The only Wine Trivia I needed to know, I learned in Kindergarten

wine trivia

Every night I post wine trivia questions for my staff on a dry erase board.  Through out the night the employees place their initials next to the best answer.  I continue asking questions and tallying their scores, until the last question is placed and then the person with the most correct answers takes a bottle of wine home.  I do this because it keeps my employees thinking about wine.  It  might even trigger a conversation at a table.  It is just one of the ways I try to educate my staff and keep them thinking about wine.

Another method is providing regular wine tastings.  This past Monday I decided to practice blind tasting with the group.  There were about 15 employees in attendance and each at a different level.  Some were hostesses just promoted to cocktail servers, others bus boys now working as server assistants and their were veteran servers.  The knowledge pool was all over the place.

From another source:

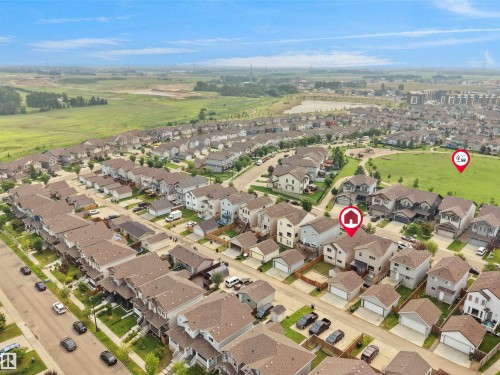 Aerial perspective showcasing a residential development with varied housing styles - 1216 29 Avenue Nw, Edmonton, AB - Outdoor With View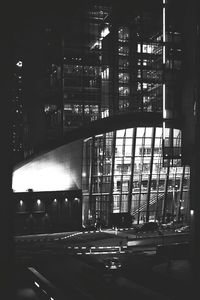 Modern office building in city at night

I handed out our Blind Tasting Grid, the same grids the Court of Master Sommeliers uses for exams.   When I started tasting with them I realized that this could go over many of their heads.  Trying to explain brightness, concentration, viscosity, balance, complexity and other terms became daunting.  By the end of the hour tasting I was proud to see everyone contributing and following along.  Our newcomers were tasting right along side the veterans and taking it all in.  I then thought, maybe it is not all that difficult.  Maybe we make things harder than it seems.  So I came home, sat my 5 and 7-year-old down and asked them wine trivia questions.  I really wanted to see what sort of answers they would give, maybe it really isn’t all that difficult.  Well here is that wine trivia session with my kids.

You can follow them on twitter @SonOfASomm enjoy!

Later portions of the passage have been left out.